2008-02-17 10:55:17

by Zdenek Kabelac

[permalink] [raw]
Subject: My system stops during startup with curretn git tree of 2.6.25-rc2

Hi

It looks like there is something weird as my systems stops when the
swap is mounted.
I've played bisection game and this is the commit which makes the
system unusable:

# bad: [45b503548210fe6f23e92b856421c2a3f05fd034] [RTNETLINK]: Send a
single notification on device state changes.
git-bisect bad 45b503548210fe6f23e92b856421c2a3f05fd034

I've tried to reverse this commit - and it has compiled & worked.

Zdenek


2008-02-17 12:05:28

by Jiri Kosina

[permalink] [raw]
Subject: Re: My system stops during startup with curretn git tree of 2.6.25-rc2

On Sun, 17 Feb 2008, Zdenek Kabelac wrote:

> It looks like there is something weird as my systems stops when the swap
> is mounted. I've played bisection game and this is the commit which
> makes the system unusable:
> # bad: [45b503548210fe6f23e92b856421c2a3f05fd034] [RTNETLINK]: Send a
> single notification on device state changes.
> git-bisect bad 45b503548210fe6f23e92b856421c2a3f05fd034
> I've tried to reverse this commit - and it has compiled & worked.

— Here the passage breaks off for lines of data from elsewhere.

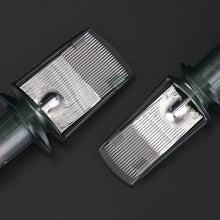Load image into Gallery viewer, 10pcs Disposable Semi Permanent 0.35mm Purple Large Row Tattoo Needle Tattoo Machine Universal Short Needle Eyebrow Tattoo Needle
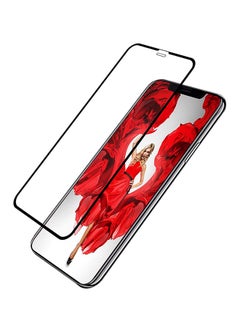 اشتري 3D Curved Edge Glass Screen Protectors For iPhone XS MAX شفاف 6.5 بوصة في السعودية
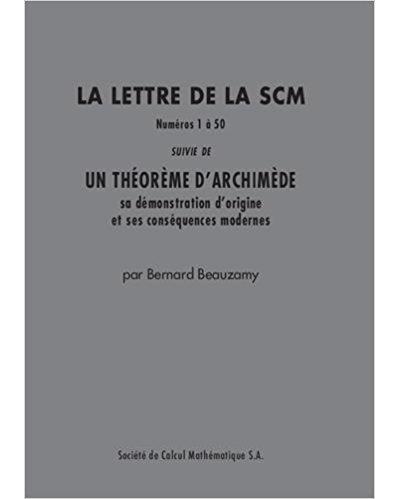 Le recueil des lettres de la SCM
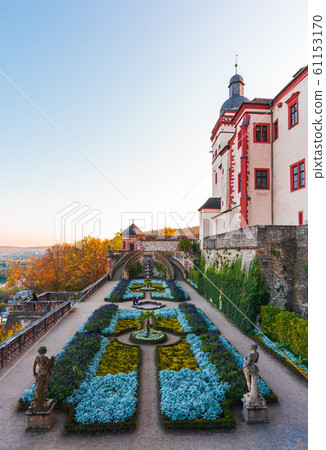 German Castle, Würzburg Marienberg Fortress, Germany Festung Marienberg 61153170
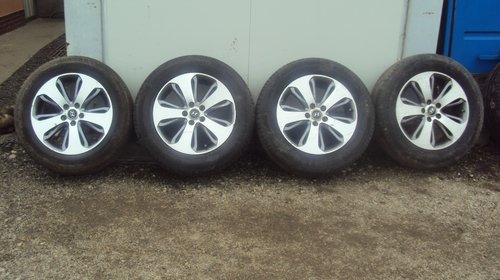 Set 4 jante aliaj originale Hyundai Santa Fe 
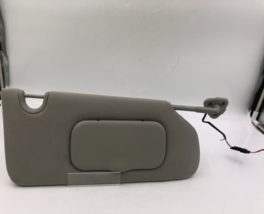 2006-2011 Buick Lucerne Passenger Sun Visor Sunvisor Gray Illuminated A0... - $44.99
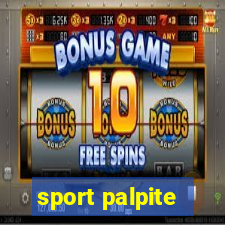 sport palpite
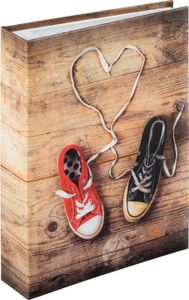 Hama Album Memo Sneakers 10x15/200, Beschreibung Tags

This commit is completely broken (it, for example, breaks locking around
dev->link_mode), as has been already mentioned by Rafael at
http://lkml.org/lkml/2008/2/15/542

Dave, do you have a proper fix queued? Otherwise I would propose just to
revert it completely from Linus' tree for now.

--
Jiri Kosina

2008-02-18 02:35:52

by David Miller

[permalink] [raw]
Subject: Re: My system stops during startup with curretn git tree of 2.6.25-rc2

From: Jiri Kosina <[email protected]>
Date: Sun, 17 Feb 2008 13:04:59 +0100 (CET)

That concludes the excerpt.